Pingdemic is probably not a word you're familiar with if you're based outside the UK. If you work in London, however, it's the word of the moment and refers to the frequency of 'pings' from the NHS COVID tracking app. In the week to July 7, more than half a million people in the UK were pinged by the app and told to quarantine for 10 days after being in contract with someone who'd tested positive for the virus. This prompted complaints that businesses were unable to function due to staff shortages, resulting in an announcement today that the pingdemic will come to a premature end on August 16, when double vaccinated will be absolved of the need to quarantine whether they're pinged or not...
None of this will matter to London's banks, however. They have avoided the pingdemic from the start.
Even though the NHS specifically says that the app should be used even in workplaces that are 'COVID secure' and encourages employers to create their own QR codes so that employees can log in when they arrive, none of the banks we spoke to in London require employees to register via the government app. Instead, they have been making their own arrangements.
As a result, the presence of COVID-positive employees in banks will not generate government pings. Nor has it ever done.
"There's nothing about the NHS app in the lobby," says one JPMorgan London employee. "We just have to register that we're not exhibiting symptoms before we go in."

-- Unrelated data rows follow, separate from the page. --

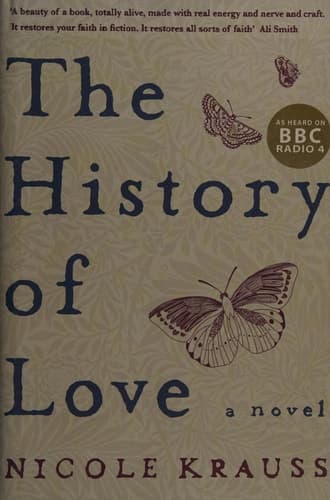 Cover of The History of Love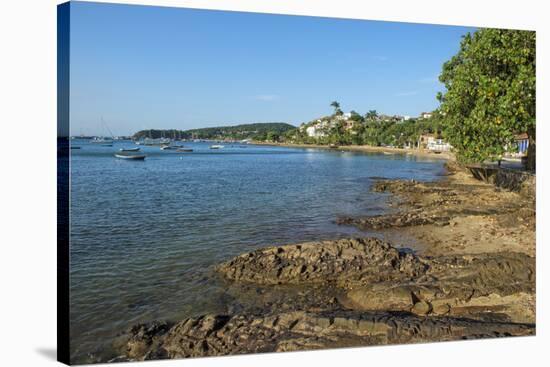 Praia Da Armacao, Buzios, Rio De Janeiro State, Brazil, South America-Gabrielle and Michel Therin-Weise-Stretched Canvas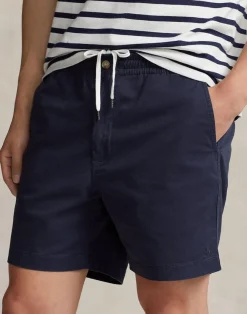 Polo Ralph Lauren 6-Inch Polo Prepster Stretch Twill Short Nautical ink Best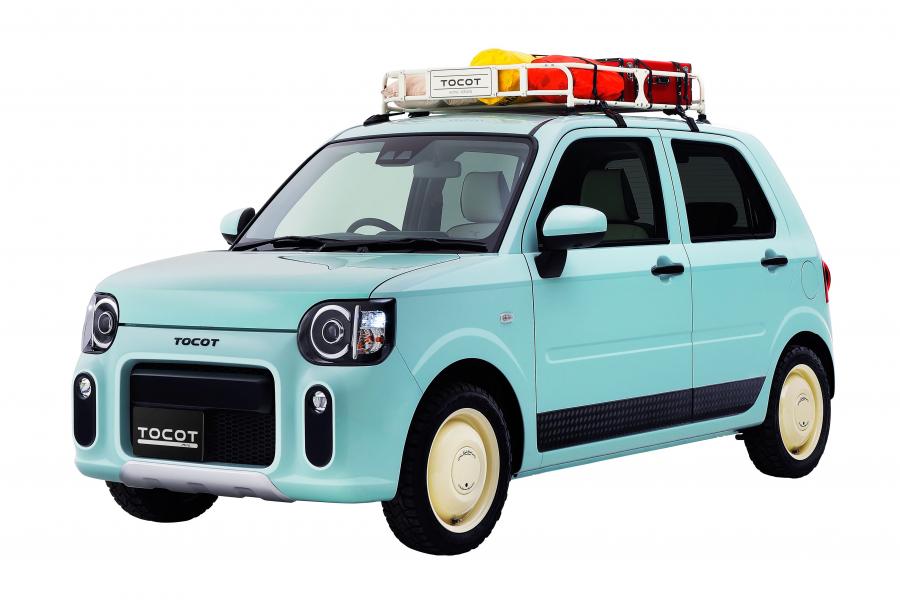 Daihatsu Mira Tocot Active '2019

JPMorgan declined to comment. It's understood that the bank has 25%-30% of its staff in the London office currently, reflecting holiday arrangements and the fact that employees are still able to work flexibly over the summer. Instead of the government COVID app, JPM requires employees coming to the office to visit a Daily Health Check web portal COVID symptoms, and to confirm that they don't have them.

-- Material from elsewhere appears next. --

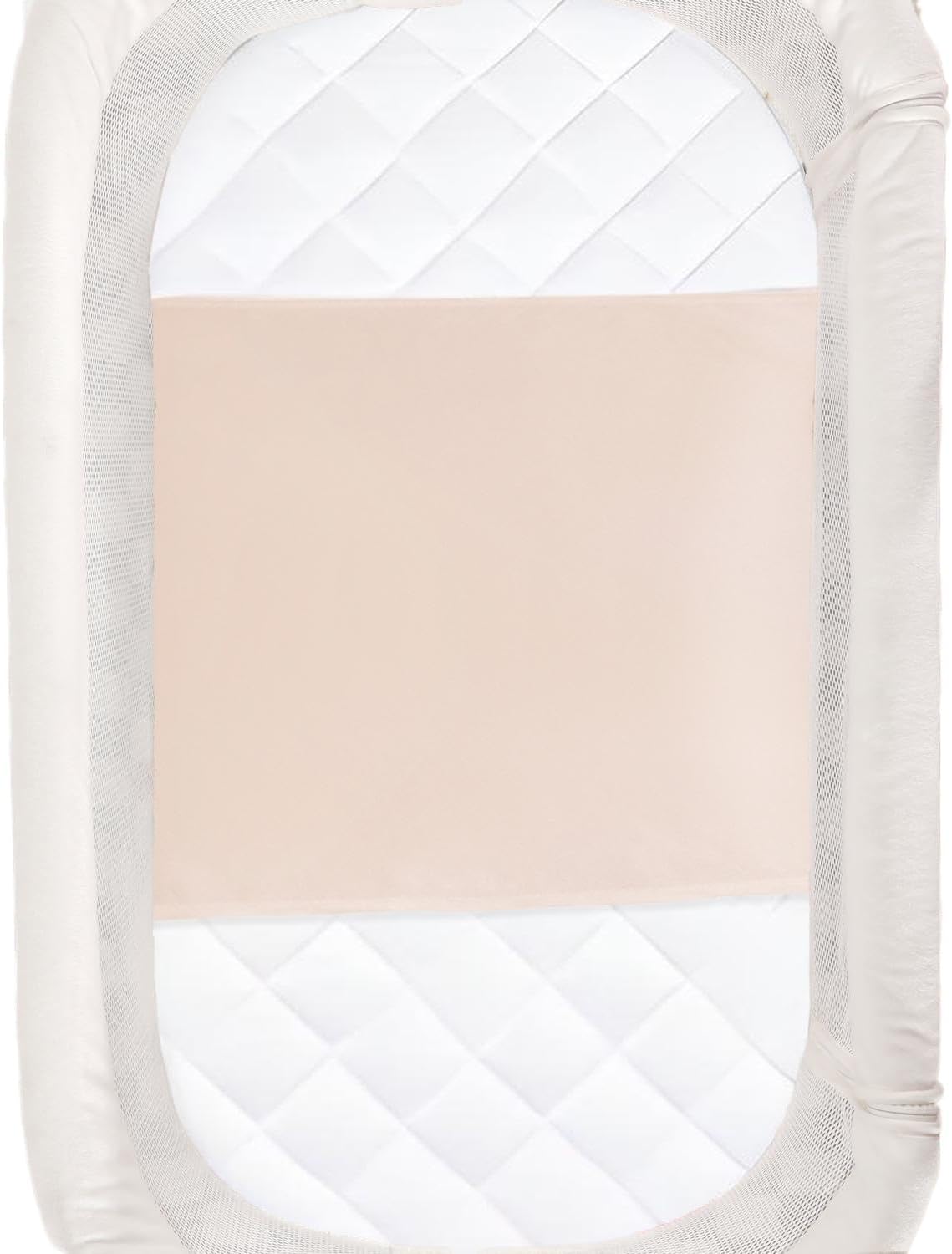 PROMEED Silk Bassinet Sleeve for Baby Bald Spots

Other banks do the same. HSBC, Goldman Sachs and Deutsche Bank have also made their own arrangements, which include confirming that you have no symptoms on a portal and regular testing. Line managers are expected to inform employees if colleagues are positive. UBS, Morgan Stanley and Citi didn't respond to a request to comment on their procedures.
The upshot, though, appears to be that as banks return staff to their offices, UK employees have been protected against the cascade of pings sending staff in other sectors back home. At the height of the so-called pingdemic, the NHS app pinged anyone who'd been within with two metres of a person who tested positive for COVID-19 for 15 minutes or more. Banks' own systems were almost certainly less sensitive.